For Sacrament is indeed a book written in shades. Above all, Barker is in my opinion one of the most talented stylists of our age. His narratives, even where they lack action and are simply contemplative, are plainly above praise. The enigmatic Jacob Steep and Rosa McGee who imbued the life of wretched Will Rabjohns with that uneasiness which was later to grow and wreck his sanity are probably among the most extraordinary, nontrivial, and so--on some very deep, rudimentary level--the most frightening characters I've ever encountered in the literature. To reiterate though, this is not the kind of fright you'd expect when you read about someone with a meat-ax about to crack your skull in two.

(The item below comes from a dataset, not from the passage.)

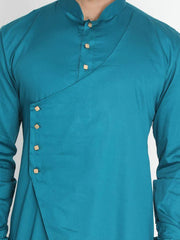 Men's Teal Solid Tunic Cotton Kurta Pajama Set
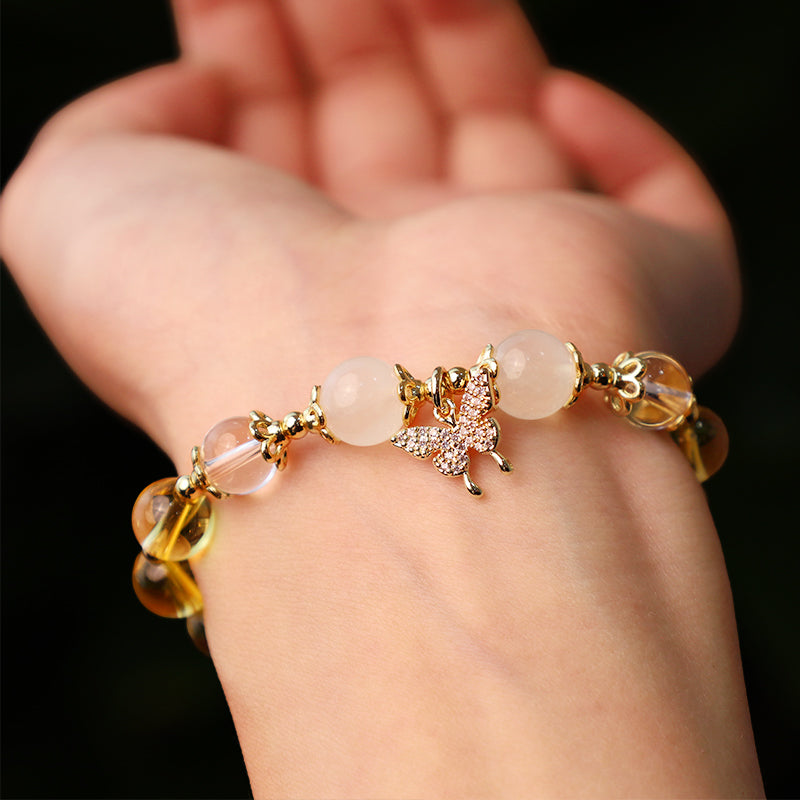10mm Citrine Prosperity & Protection Charm Bracelet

The book starts with Will Rabjohns, arguably the world's most famous wildlife photographer, trying to talk to a half-mad hermit who tucked himself away in a small northern village, Baltazar, about a mysterious couple he had met earlier in his life--Jacob Steep and Rosa McGee. So, in the first part of the book, we get a glimpse of Will Rabjohns the grown-up. Then, after an assault by a wounded bear, Rabjohns falls into a coma from which he may never recover.

His mind, meanwhile, drifts away to the recollections of how he grew up as a second and apparently much less loved child; in a family where his elder brother was ran down by a car and so killed. To save his mother shattered with grief, his father--a philosopher of some renown--decides to move to a village rather far from where they lived (Manchester), Burnt Yarley. There the plot starts to unfold in all its creamy and seductive magnificence.

Will makes friends (kind of) with a strange couple, a brother and a sister; and, as he's evidently not very welcome at home, he at a certain point in his wanderings simply gets lost in the fields during a storm. There, he meets another couple: a woman of unearthly beauty and her companion, a remarkably effective gentleman of some forty years. The couple and Will become friends, too... in a sense. Until, in the course of many strange events, he begins to uncover something about them (such as the fact that they are seemingly quite immortal, or that Jacob Steep seeks to cleanse the world of all the last species so that it may be cleaner and God's voice might be heard) which, were he adult, would make him flee them instantly--but since he's a boy, his psyche is flexible and so, as a flesh of a clam, adapts to a burning alien particle.

However as time goes, the pearl expands and devours him from the inside. Thus follows his awakening and the beginning of his conscious quest for Jacob Steep, the Killer of Last Things, and his fair lady Rosa McGee. The two men are intertwined (in a rather Freudian way, one might add) in a manner which none of them likes. It is a conflict which shall ultimately be resolved (with the addition of numerous other characters, all of them unlike anything you've seen before) and its resolution is the punchline of the book.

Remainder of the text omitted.